I knew I'd seen something like it before in relation to spinors: the rotation of two identical coins shown in the previously posted youtube video is one of a number of illustrations of the need for a 4-pi rotation identity. And there's also e.g. the Balinese Cup Trick and others described in https://en.wikipedia.org/wiki/Spinor.

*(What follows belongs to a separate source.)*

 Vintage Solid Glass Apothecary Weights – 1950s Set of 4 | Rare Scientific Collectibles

But those only correspond to equal-radius cases, rather than the r/3 and others explored in this informative thread. Thank you.

 

[mathwonk]

when I read the geometry question, I wondered: "rotates with respect to what?" the answer is 4, (reasoning as explained by others here), if it means rotation with respect to a fixed axis on the page, but it is 3 if it means with respect to a little boy walking around the circle with a stick, rolling his hoop. so in my opinion, the problem is not entirely well posed, without more clear definitions.
just an alternate viewpoint, maybe unreasonable. (and of course it is zero, if it means with respect to the person rolling inside the tire, like scout in "to kill a mockingbird"!).

 

[DaveC426913]

when I read the geometry question, I wondered: "rotates with respect to what?" the answer is 4, (reasoning as explained by others here), if it means rotation with respect to a fixed axis on the page, but it is 3 if it means with respect to a little boy walking around the circle with a stick, rolling his hoop. so in my opinion, the problem is not entirely well posed, without more clear definitions.
just an alternate viewpoint, maybe unreasonable. (and of course it is zero, if it means with respect to the person rolling inside the tire, like scout in "to kill a mockingbird"!).

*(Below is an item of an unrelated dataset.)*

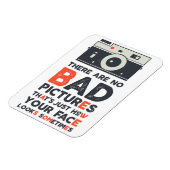 悪い写真はない マグネット (左側)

If the frame of reference has to, itself, rotate to rationalize a given answer, I'd say that's a pretty weak solution. I mean, that opens up an unlimited number of solutions: in the FoR of an observer rotating 23 times counter-clockwise, the small circle rotates, what? 27 times clockwise, right?(Although, note: it still adds up to four).

I think the problem, as stated, implies the frame of reference is that of the non-rotating, objective observer - not some arbitrary moving location within the setup.

 

[mathwonk]

of course you take the intelligent, reasonable, physicists point of view. but it seems the test makers took the other, as did the guy in the video who unfurled the circle. I'm just saying, when us clueless amateurs weigh in, all bets are off.

I had posted but deleted, an earlier comment that, as a mathematician with no talent for making reasonable assumptions, I am challenged to answer a question whose terms are left undefined, so I wanted a definition of the FOR (see how I picked up on that!?) that should be used.

I don't argue this is reasonable, just that with no specific guidance, some of us will go astray in this way. and of course I agree entirely it opens up an unlimited number of solutions; that's what I meant by saying the problem is not well posed.

I apologize for sharing the perspective of someone with little to no common sense!

 

[Gavran]

The motion of the circle A consists of two periodic motions with two different revolutions and these two revolutions can not be mixed with each other. The correct answer is 3.

 

[Gavran]

After including time instead of angle in the equations $$ x \left ( \theta \right ) = \left ( R + r \right ) \cos \theta – r \cos \left ( \frac { 3 r + r } { r } \theta \right ) $$ $$ y \left ( \theta \right ) = \left ( R + r \right ) \sin \theta – r \sin \left ( \frac { 3 r + r } { r } \theta \right ) $$ (https://en.wikipedia.org/wiki/Epicycloid) there will be $$ x _ 1 \left ( t \right ) = \left ( R + r \right ) \cos \left ( \frac { 2 \pi } { T } t \right ) – r \cos \left ( \frac { 2 \pi } { \frac { T } { 4 } } t \right ) $$ $$ y _ 1 \left ( t \right ) = \left ( R + r \right ) \sin \left ( \frac { 2 \pi } { T } t \right ) – r \sin \left ( \frac { 2 \pi } { \frac { T } { 4 } } t \right ) $$ and there are two periodic motions, the first one with a period of T and the second one with a period of T/4. During the one revolution of the first periodic motion there will be four revolutions of the second periodic motion. The correct answer seems to be 4.